Going line by line through the records below, write out everything starting with the line containing "Snapshot of Sophie__Foxxx" and going on through the line containing "Macron i Merkel nude pomoć za Navaljnog", exactly and inclusively. Pictures do not go in.

§ Given records:

= = = = = = =

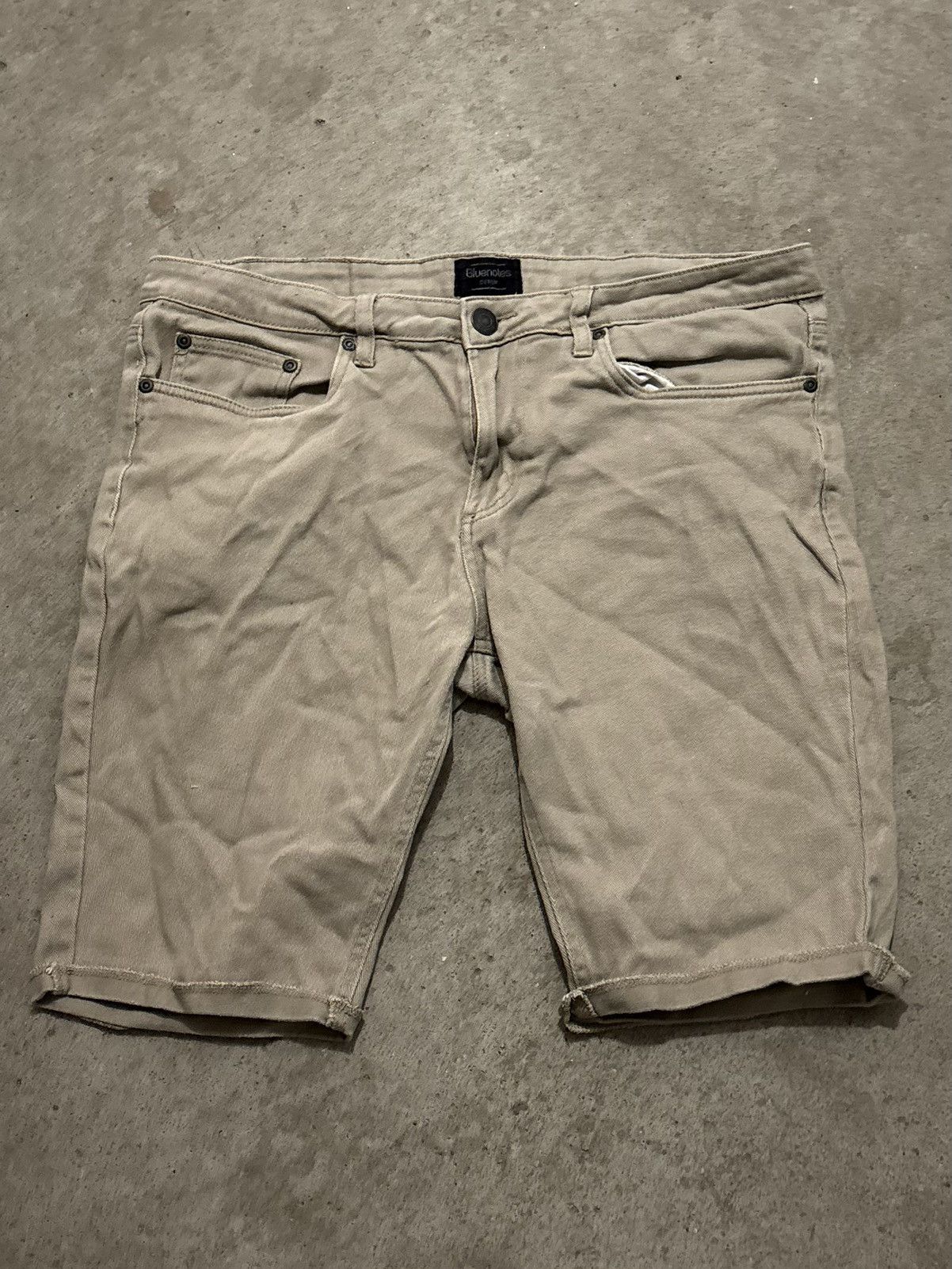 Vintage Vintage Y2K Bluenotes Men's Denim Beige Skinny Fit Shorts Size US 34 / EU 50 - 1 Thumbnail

= = = = = = =

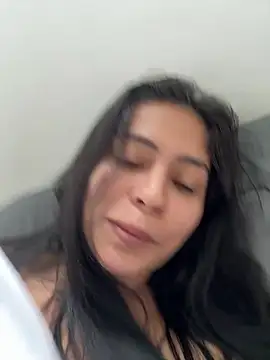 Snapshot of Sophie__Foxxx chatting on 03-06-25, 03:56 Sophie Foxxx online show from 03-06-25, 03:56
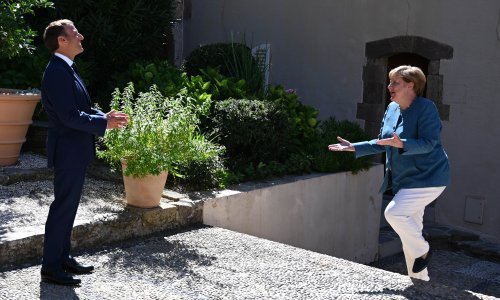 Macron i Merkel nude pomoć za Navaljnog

= = = = = = =

§ Task output:
 Snapshot of Sophie__Foxxx chatting on 03-06-25, 03:56 Sophie Foxxx online show from 03-06-25, 03:56
 Macron i Merkel nude pomoć za Navaljnog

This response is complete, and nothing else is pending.